• [PROBLEM TO SOLVE]: Go to the line containing "The World Of" and retype it and every later line exactly as written, up to the last line of the entries. Keep pictures out.

• [Image-text web data]:
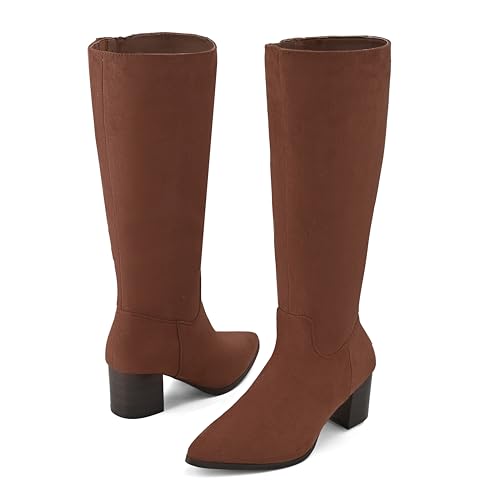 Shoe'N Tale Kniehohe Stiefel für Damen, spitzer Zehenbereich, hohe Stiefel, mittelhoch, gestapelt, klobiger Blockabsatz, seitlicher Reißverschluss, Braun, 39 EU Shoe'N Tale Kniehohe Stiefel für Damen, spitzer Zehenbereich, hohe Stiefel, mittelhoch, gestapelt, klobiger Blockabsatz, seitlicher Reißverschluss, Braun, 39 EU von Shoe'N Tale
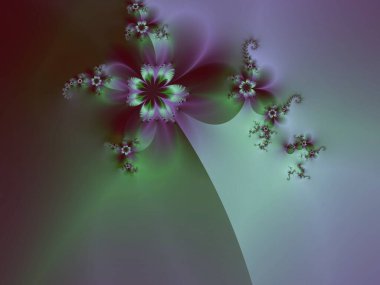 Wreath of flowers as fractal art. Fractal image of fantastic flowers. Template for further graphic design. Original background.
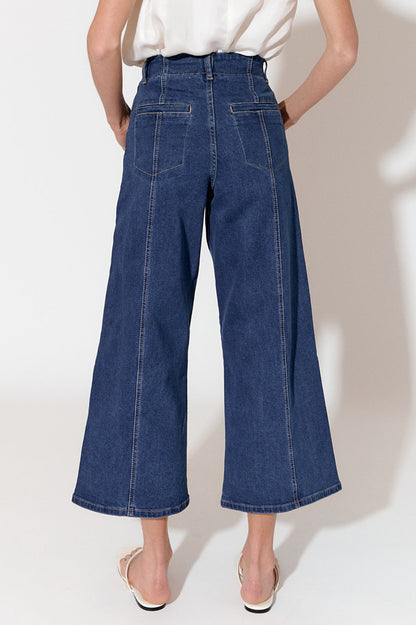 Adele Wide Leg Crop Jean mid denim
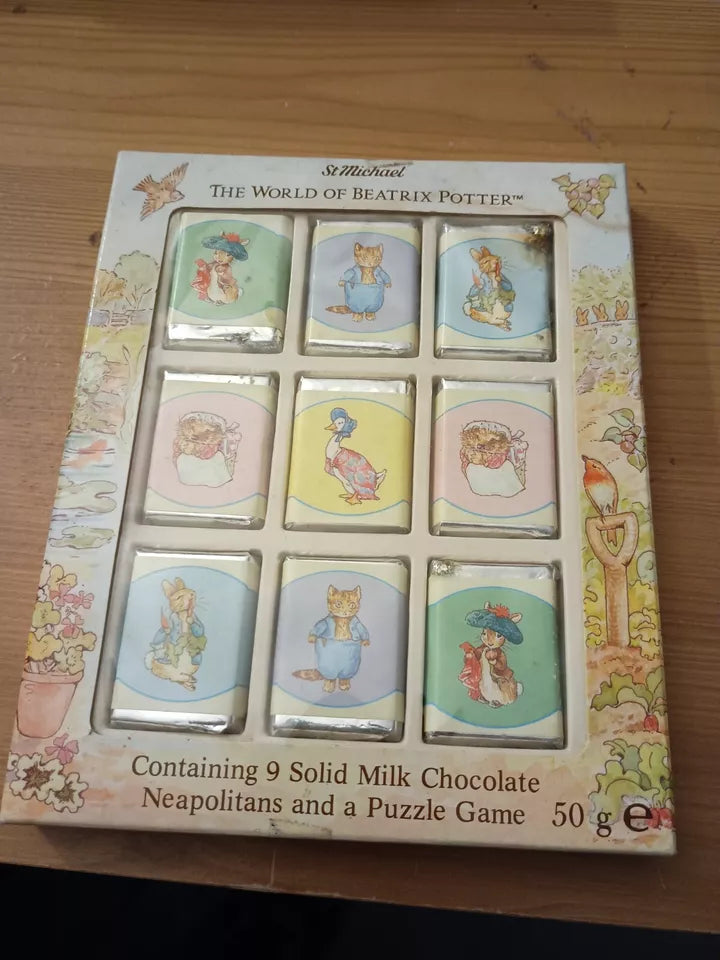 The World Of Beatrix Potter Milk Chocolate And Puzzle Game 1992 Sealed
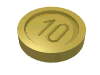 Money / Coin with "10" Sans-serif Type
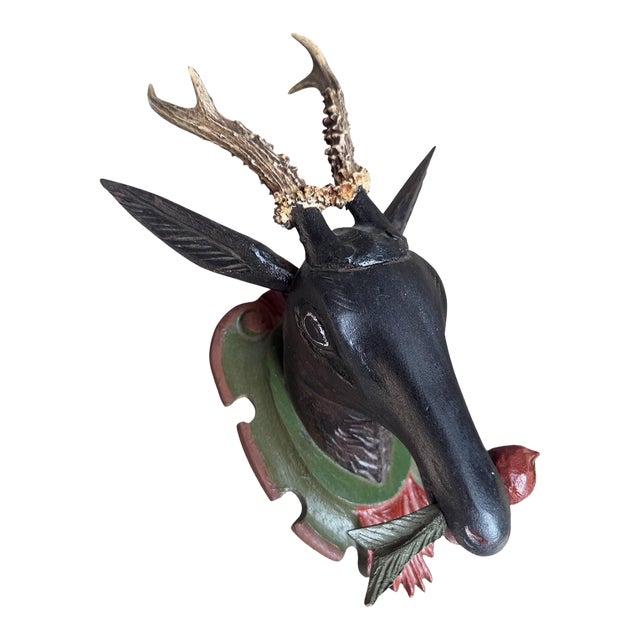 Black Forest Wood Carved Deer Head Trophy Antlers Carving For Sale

• [EXPECTED ANSWER]:
 The World Of Beatrix Potter Milk Chocolate And Puzzle Game 1992 Sealed
 Money / Coin with "10" Sans-serif Type
 Black Forest Wood Carved Deer Head Trophy Antlers Carving For Sale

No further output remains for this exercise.